6 Multiple Linear Regression (MLR)
6.1 Introduction
Linear regression models are used to explore the relationship between variables as well as make predictions. Simple linear regression (SLR) concerns the study of only one predictor variable with one response variable. However, given the context, it may be clear there are multiple predictors that relate to the response variable. In such a context, we want to:
- Improve predictions on the response variable by including more useful predictors.
- Assess how a predictor relates to the response variable when controlling for other predictors.
Multiple linear regression (MLR) models allow us to examine the effect of multiple predictors on the response variable simultaneously.
There are a couple of ways to think about MLR:
- Extension of SLR to MLR.
- SLR as a special case of MLR.
As a motivating example, we look at data regarding black cherry trees.

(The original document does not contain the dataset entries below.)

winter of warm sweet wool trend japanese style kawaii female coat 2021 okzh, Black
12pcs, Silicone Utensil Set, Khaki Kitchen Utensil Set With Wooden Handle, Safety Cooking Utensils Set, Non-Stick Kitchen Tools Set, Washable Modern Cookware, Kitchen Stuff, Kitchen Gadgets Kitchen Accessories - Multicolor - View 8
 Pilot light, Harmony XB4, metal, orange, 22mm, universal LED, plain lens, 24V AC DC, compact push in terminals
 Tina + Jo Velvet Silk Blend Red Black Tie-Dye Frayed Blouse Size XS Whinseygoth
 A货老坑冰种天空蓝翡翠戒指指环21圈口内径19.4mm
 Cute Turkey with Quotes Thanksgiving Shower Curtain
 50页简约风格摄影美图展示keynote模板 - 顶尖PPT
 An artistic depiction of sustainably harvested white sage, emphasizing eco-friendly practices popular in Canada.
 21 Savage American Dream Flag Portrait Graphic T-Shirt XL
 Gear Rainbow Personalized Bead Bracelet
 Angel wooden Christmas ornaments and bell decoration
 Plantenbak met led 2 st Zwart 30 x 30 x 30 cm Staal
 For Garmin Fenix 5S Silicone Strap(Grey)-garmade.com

The data, cherry
come from the openintro
package. Researchers want to understand the relationship between the volume of these trees and their diameter and height. Data come from 31 trees in the Allegheny National Forest, Pennsylvania.
From this context, we know that volume of a tree is influenced by its diameter and height, so we have more than one predictor in this study.
As you read this set of notes, take note of the similarities and differences between SLR and MLR.
6.2 Notation in MLR
We write the MLR model as:
\[\begin{equation} y_i = \beta_0+\beta_1 x_{i1} + \beta_2 x_{i2} + \cdots + \beta_{k} x_{i k} + \epsilon_i. \tag{6.1} \end{equation}\]
In this setup, we have \(k\) quantitative predictors. The notation in (6.1) are as follows:
- \(y_i\): value of response variable for observation \(i\),
- \(\beta_0\): intercept for MLR model,
- \(\beta_j\): coefficient (or slope) for predictor \(j\), for \(j = 1, 2, \cdots, k\). We have \(k\) predictors, each with its corresponding coefficient.
- \(x_{ij}\): observation \(i\)’s value for predictor \(j\). Notice there are two numbers in the subscript. The first number denotes which observation, and the second denotes which predictor.
- \(\epsilon_i:\) error for observation \(i\).
The assumptions in MLR are identical to SLR:
\[\begin{equation} \epsilon_1,\ldots,\epsilon_n \ i.i.d. \sim N(0,\sigma^2). \tag{6.2} \end{equation}\]
Let us use the cherry
data from openintro
as an example:
head(Data)
## # A tibble: 6 × 3
## diam height volume
## <dbl> <int> <dbl>
## 1 8.3 70 10.3
## 2 8.6 65 10.3
## 3 8.8 63 10.2
## 4 10.5 72 16.4
## 5 10.7 81 18.8
## 6 10.8 83 19.7
- \(y_2\) = 10.3 cubic feet, the volume for observation 2
- \(x_{41} = 10.5\) inches, observation 4’s diameter (predictor 1)
- \(x_{22} = 65\) feet, observation 2’s height (predictor 2)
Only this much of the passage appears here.